Dictionnaire historique des académiciens de Lyon

Préface
A B C D E F G H I J K L M N O P Q R S T U V W X Y Z

La recherche est faite par sous chaîne, insensible à la casse et aux accents.

GOIFFON Georges Claude (1713-1776)

par Yves Boucaud-Maître.

 Il ne faut pas le confondre avec l’abbé Joseph Goiffon (1692-1751), principal du collège de Thoissey, astronome, membre associé de l’Académie des beaux-arts de Lyon (17 novembre 1740) et correspondant de Jacques Cassini à l’Académie royale des sciences de Paris (23 janvier 1732).
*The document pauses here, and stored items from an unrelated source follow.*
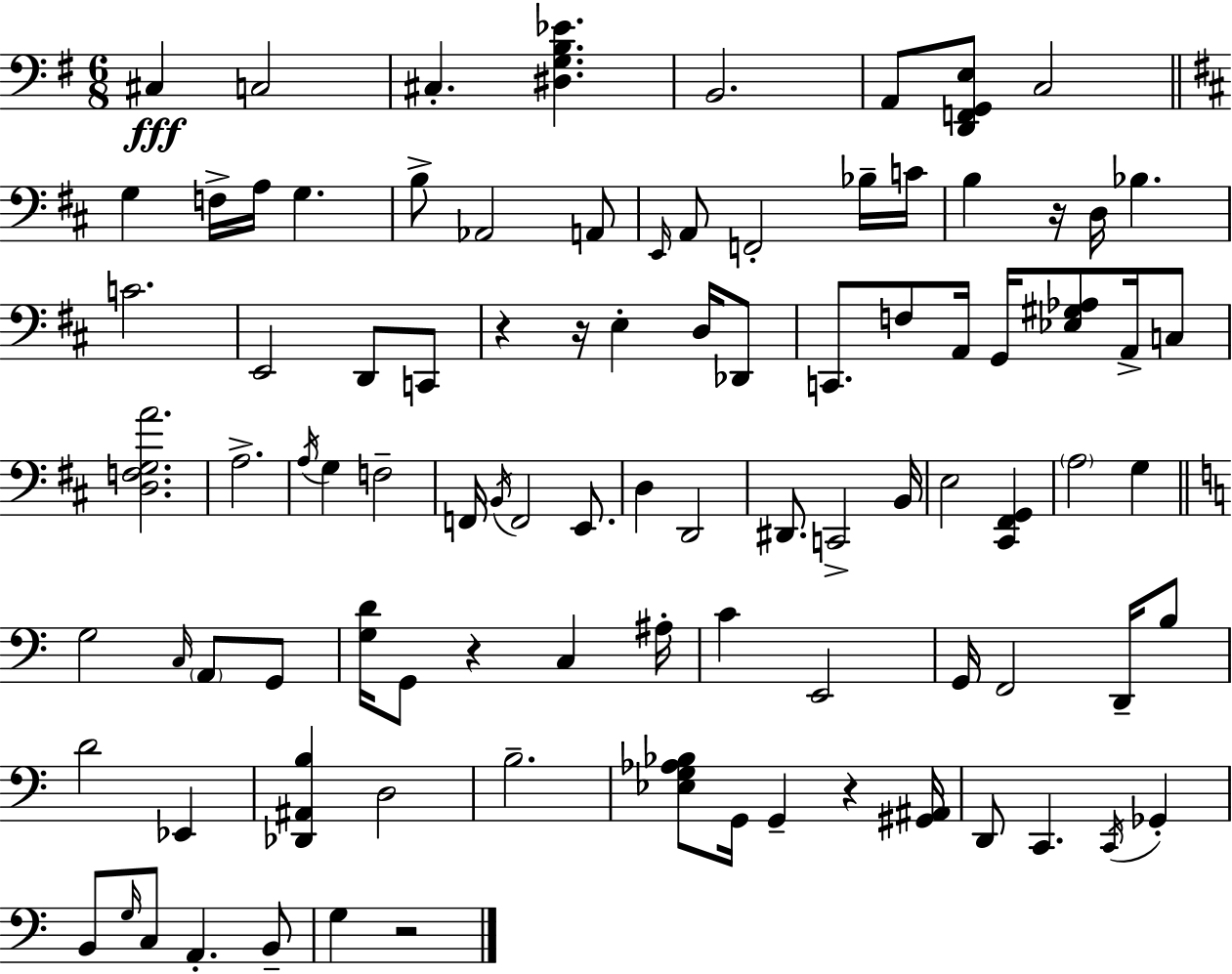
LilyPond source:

{
  \clef bass
  \numericTimeSignature
  \time 6/8
  \key e \minor
  cis4\fff c2 | cis4.-. <dis g b ees'>4. | b,2. | a,8 <d, f, g, e>8 c2 | \break \bar "||" \break \key d \major g4 f16-> a16 g4. | b8-> aes,2 a,8 | \grace { e,16 } a,8 f,2-. bes16-- | c'16 b4 r16 d16 bes4. | \break c'2. | e,2 d,8 c,8 | r4 r16 e4-. d16 des,8 | c,8. f8 a,16 g,16 <ees gis aes>8 a,16-> c8 | \break <d f g a'>2. | a2.-> | \acciaccatura { a16 } g4 f2-- | f,16 \acciaccatura { b,16 } f,2 | \break e,8. d4 d,2 | dis,8. c,2-> | b,16 e2 <cis, fis, g,>4 | \parenthesize a2 g4 | \break \bar "||" \break \key c \major g2 \grace { c16 } \parenthesize a,8 g,8 | <g d'>16 g,8 r4 c4 | ais16-. c'4 e,2 | g,16 f,2 d,16-- b8 | \break d'2 ees,4 | <des, ais, b>4 d2 | b2.-- | <ees g aes bes>8 g,16 g,4-- r4 | \break <gis, ais,>16 d,8 c,4. \acciaccatura { c,16 } ges,4-. | b,8 \grace { g16 } c8 a,4.-. | b,8-- g4 r2 | \bar "|."
}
 Né à Lyon le 11 août 1713, baptisé le lendemain paroisse Saint-Nizier, Claude Georges [sic] est le fils cadet de Jean Baptiste Goiffon (Cerdon [Ain] 25 février 1658-Sainte-Foy-lès-Lyon 30 septembre 1730) – seigneur de Bramafan à Sainte-Foy-lès-Lyon, échevin lyonnais et médecin de l’archevêque François Paul de Villeroy* –, et de Claudine Pinardy (1679-Ainay 1717-Lyon), dont le père Claude, originaire d’Italie, était marchand tireur d’or à Lyon. Parrain : Georges Simonet, président aux traites et fermes du Bugey, et en son absence Jean Claude Blanchet ; marraine : Marie Estinal, femme de Pierre Jobert, écuyer. Son père ayant été anobli par sa charge consulaire, il porte le titre d’écuyer et fait probablement des études de dessin et d’architecture à Lyon. Marié à Éléonore Tardy, il n’a pas eu de descendance, éteignant la lignée directe de Jean Baptiste Goiffon, dont il gère la fortune de manière désastreuse. Dans son évocation de Claude Georges Goiffon, Barou du Soleil* écrit que « dez l’âge de quinze ans il se livroit avec ardeur aux opérations les plus délicates de la chimie, et aux recherches pénibles de la Botanique » (Ac.Ms267-II f°490bis). Personnage éclectique, il a été décrit comme architecte, dessinateur, professeur d’anatomie artistique, mais aussi ingénieur et mécanicien. Il a été membre de nombreuses sociétés : École royale académique de dessin, Société d’agriculture de Lyon. Goiffon projeta en 1755 de construire avec Vincent de Montpetit (auteur notamment d’un portrait de Bourgelat) un pont de fer à une seule arche sur le Rhône, qui aurait pu avoir « cent toises d’ouverture ».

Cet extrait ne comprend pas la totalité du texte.